By Nidal al-Mughrabi, Dan Williams and Trevor Hunnicutt
GAZA/JERUSALEM/WASHINGTON (Reuters) – Diplomats renewed calls for aid to the besieged Gaza Strip while Iran’s foreign minister said Israel would not be allowed to act there without facing consequences, warning of “preemptive action” in the coming hours.
U.S. President Joe Biden weighed a visit to Israel laden with political and security risks, underscored on Monday when U.S. Secretary of State Antony Blinken was forced to shelter in a bunker for five minutes while meeting Israeli Prime Minister Benjamin Netanyahu when sirens went off in Tel Aviv.
Israel has vowed to annihilate the Hamas movement that rules Gaza, after fighters of the armed wing of the Iran-backed Palestinian Hamas movement burst across the barrier to Israel on Oct. 7, gunning down 1,300 Israelis, mainly civilians, in the deadliest day in Israel’s 75-year-old history.
Israel has since put Gaza, home to 2.3 million Palestinians, under a total blockade and pounded it with unprecedented air strikes, and is widely expected to launch a ground assault.
Gaza authorities say more than 2,800 people have been killed there, around a quarter of them children, and more than 10,000 wounded are in hospitals desperately short of supplies.
Hamas said on Monday it had fired a “barrage of missiles,” toward Jerusalem and Tel Aviv.
Iranian Foreign Minister Hossein Amirabdollahian told state TV: “Leaders of the Resistance will not allow the Zionist regime to take any action in Gaza. … All options are open and we cannot be indifferent to the war crimes committed against the people of Gaza.”

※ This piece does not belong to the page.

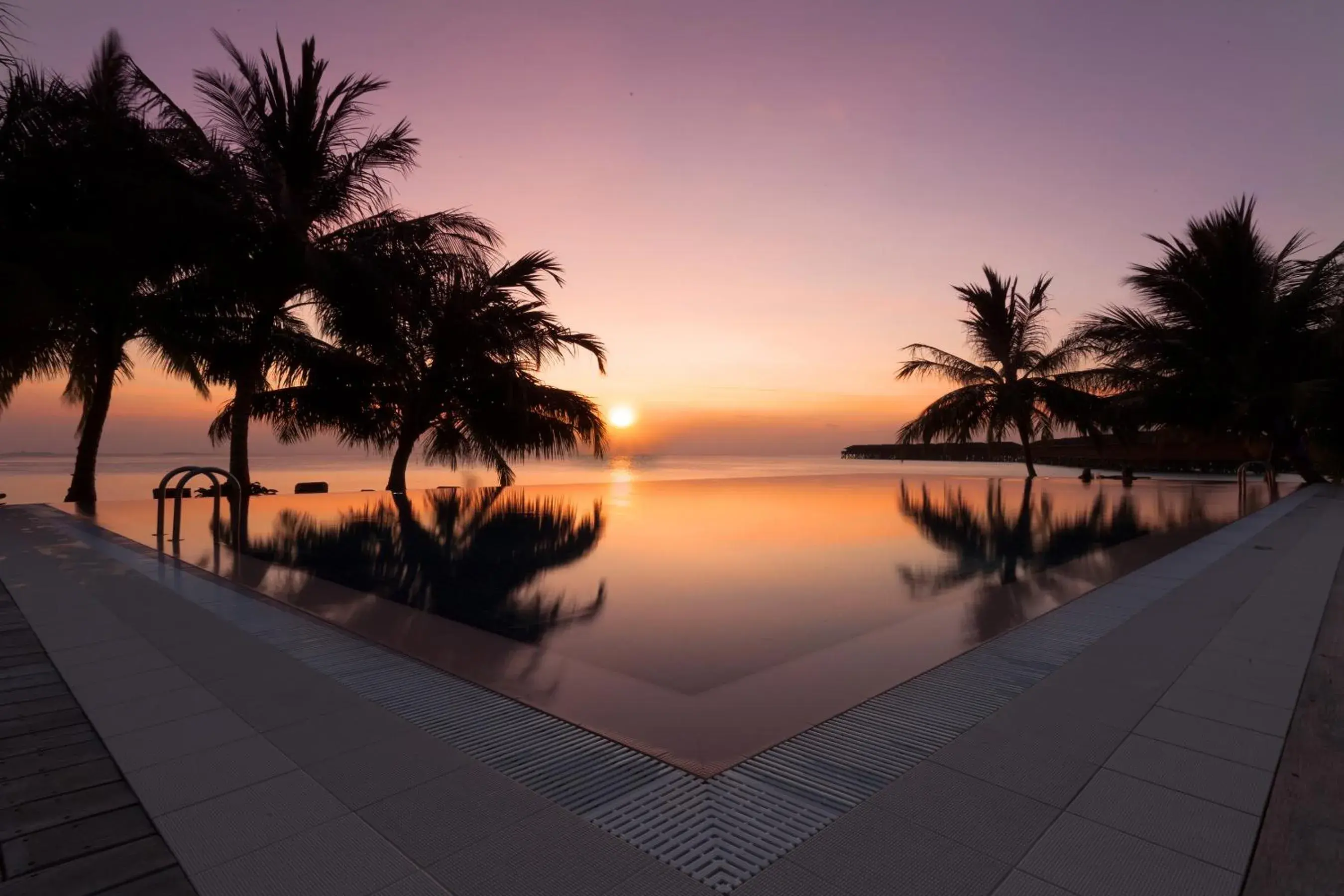 Lounge or bar in Vilamendhoo Island Resort & Spa Lounge or bar in Vilamendhoo Island Resort & Spa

“The resistance front is capable of waging a long-term war with the enemy (Israel)… in the coming hours, we can expect a preemptive action by the resistance front,” he said, without elaborating.

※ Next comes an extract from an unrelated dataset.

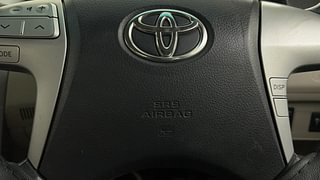 Used 2012 Toyota Corolla Altis [2011-2014] GL Petrol Petrol Manual top_features Airbags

Iran, which backs Hamas, refers to regional countries and forces opposed to Israel and the United States as a “resistance front.” Amirabdollahian said it was not limited to Hezbollah in Lebanon and added: “This front was formed throughout the region to preserve the independence of nations and counter repeated aggressions by the Zionist regime over the past years.”
Last week, Iran’s top authority Supreme Leader Ayatollah Ali Khamenei said Tehran was not involved in the Hamas attack on Israel, but hailed what he called Israel’s “irreparable” military and intelligence defeat.

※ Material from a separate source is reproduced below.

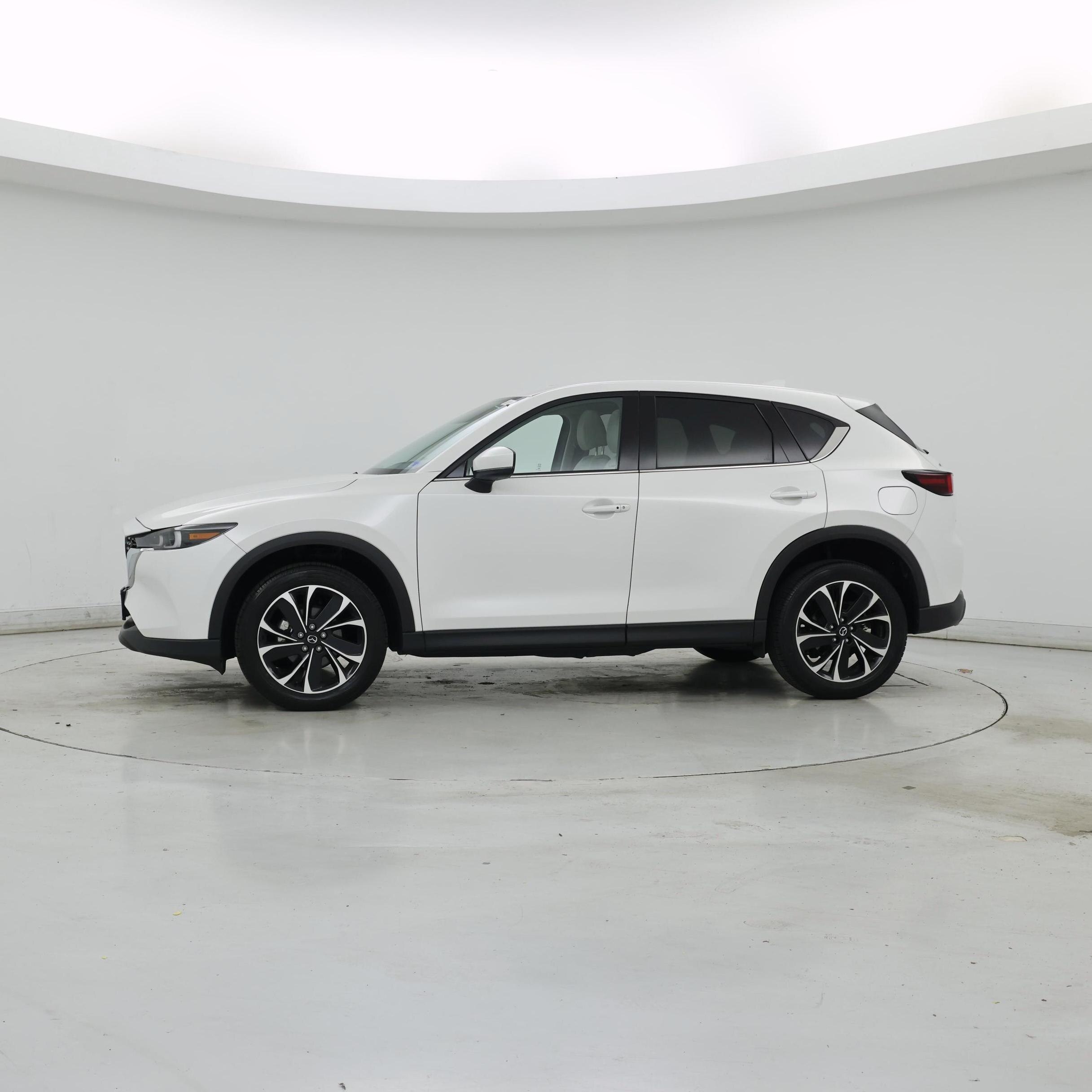 Thumbnail: 2023 Mazda CX-5 - 3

Earlier on Monday, Iranian President Ebrahim Raisi said that while Tehran supported the Palestinian cause, the resistance front against Israel made its own independent decisions.
Diplomatic efforts have concentrated on getting aid into Gaza through the Rafah crossing with Egypt, the sole route out that is not controlled by Israel. Cairo said the Rafah crossing was not officially closed but was inoperable due to Israeli strikes on the Gaza side.
Netanyahu invited Biden to Israel. Biden has been outspoken in his support for Israel, Washington’s closest Middle East ally. The White House declined to comment on any planning for the trip. National Security Council spokesperson Adrienne Watson said in a statement that “we have no new travel to announce.”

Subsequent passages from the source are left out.